Puccinia xanthii will form dark brown telia in a thallus that erupts through the leaf surface seven to eight days after inoculation. Telia are 0.28-0.61 mm in diameter, round, and mostly form in circular groups 10 mm in diameter on the lower leaf surface (though telia can be found on either side of the leaf). These telia will bore teliospores that can either germinate immediately if conditions are favorable or act as a survival structure for the fungus. The teliospores are darker or lighter yellowish-brown, smooth, 42-58 μm x 12-21 μm and thicker near the conical apex. They are two-celled and have a constricted septum. Teliospores also have a persistent yellowish-brown pedicel that is 22-70 μm long. The teliospores will germinate to form a tube-shaped basidium with three septations. This basidium then forms four white, thin-walled, binucleate, single-celled basidiospores. The basidiospores are binucleate due to a mitotic division of the initial nucleus while the infective mycelium is monokaryotic. These basidiospores break off of the basidium (usually attached to the teliospore and telia) and continue the infection cycle.

== Signs and symptoms ==
Puccinia xanthii forms dark brown pustules (raised spots) with a chlorotic halo on the adaxial, and sometimes abaxial leaf surface. In the early stage of infection, P. xanthii causes yellow lesions that gradually turn brown in the center as telia are produced. Multiple infections cause necrotic lesions that can cover leaves, petioles, and stems. Depending on the susceptibility of the host and severity of the infection, P. xanthii can cause plant decline and death.
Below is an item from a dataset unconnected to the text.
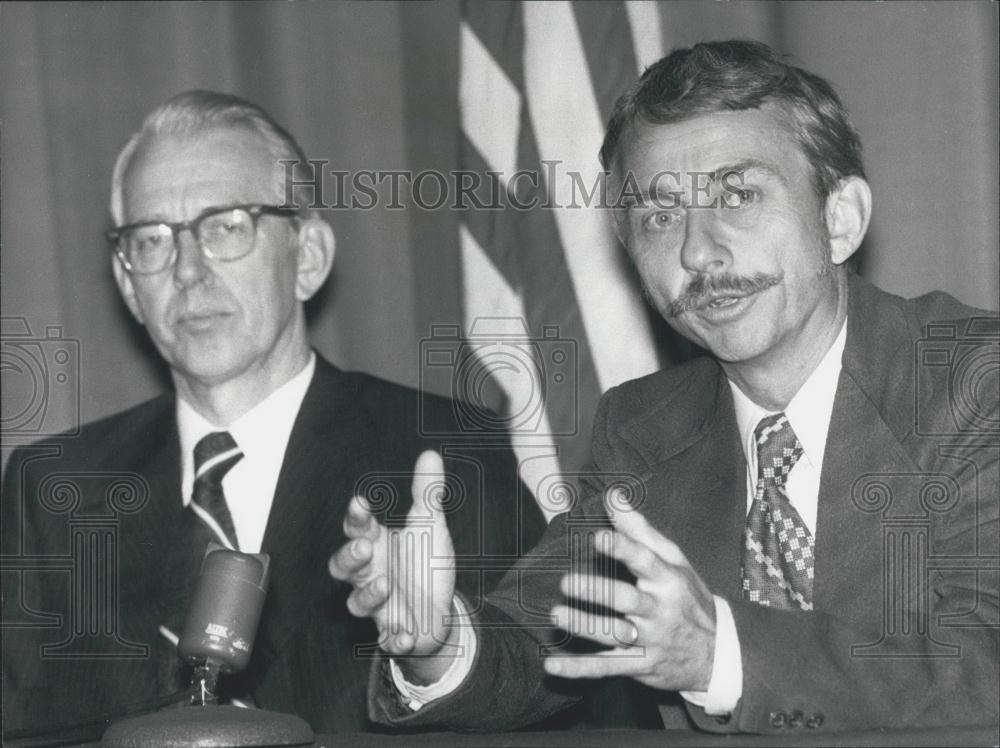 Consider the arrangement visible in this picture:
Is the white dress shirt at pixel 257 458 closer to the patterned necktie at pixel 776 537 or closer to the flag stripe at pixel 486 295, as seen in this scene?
the flag stripe at pixel 486 295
== Application as a Biocontrol ==
For information on where this species is being used as a biocontrol, please refer to the section on distribution. There are mixed results on the use of P. xanthii as a biocontrol, while it can cause significant damage on some host plants, it requires suitable environmental conditions to hinder plant growth. For example, while P. xanthii was able to infect and kill invasive cocklebur species in Hungary if infection starts when the plant is a cotyledon, natural infections that begin during the second part of the growing season and are seldom lethal.
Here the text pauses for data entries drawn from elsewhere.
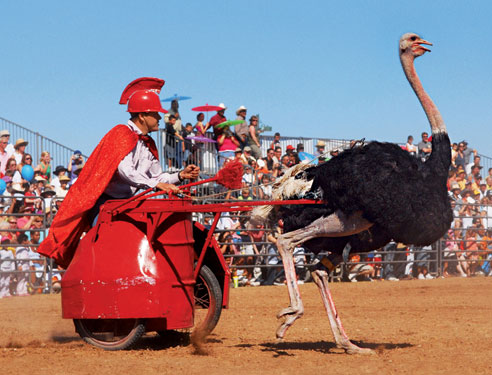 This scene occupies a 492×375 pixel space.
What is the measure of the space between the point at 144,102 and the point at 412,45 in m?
2.76

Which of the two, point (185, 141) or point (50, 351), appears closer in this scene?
point (50, 351)

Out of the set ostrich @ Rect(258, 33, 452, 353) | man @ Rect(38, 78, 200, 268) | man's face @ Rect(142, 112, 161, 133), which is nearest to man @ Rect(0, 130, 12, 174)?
man @ Rect(38, 78, 200, 268)

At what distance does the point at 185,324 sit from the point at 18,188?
326 inches

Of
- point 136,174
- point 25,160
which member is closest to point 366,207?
point 136,174

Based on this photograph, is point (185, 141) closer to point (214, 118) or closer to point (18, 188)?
point (214, 118)

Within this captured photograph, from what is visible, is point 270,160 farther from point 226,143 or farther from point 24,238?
point 24,238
The Australian Department of Agriculture, Water and the Environment has put out an extension document on using P. xanthii var. parthenii-hysterophorae as a biocontrol agent. They advocate for people to intentionally spread summer rust onto invasive Parthenium spp. by collecting symptomatic leaves and pinning them to uninfected plants. This strategy has been used in Australia to contain the spread of Parthenium. Kassai-Jager et al. has also recommended the use of this pathogen as a classical biocontrol agent in Australia against another invasive member of the Asteraceae from North America, Ambrosia artemisifolia. Puccinia xanthii from Ambrosia artemisifolia growing in the wild in Texas was "highly virulent on A. artemisifolia plants from Australia".

Natural infections of Puccinia xanthii var. ambrosia-trifidae on Ambrosia trifida in Maryland caused severe decline on A. trifida and reduced its propagative potential. Batra performed pathogenicity tests on this variation and recommended using P. xanthii var. ambrosia-trifidae as a biocontrol in Eurasia where this plant is an invasive species.

== Pathogenicity on Sunflowers ==
Puccinia xanthii may also pose a potential threat to the ornamental plant trade. Puccinia xanthii could infect and cause foliar damage to Helianthus annus and Calendula offiinalis in pathogenicity tests using strains from C. officinalis in Queensland. This is likely an undescribed variety of P. xanthii. More taxonomic research is needed to distinguish between the varieties of P. xanthii by host-pathogen interaction.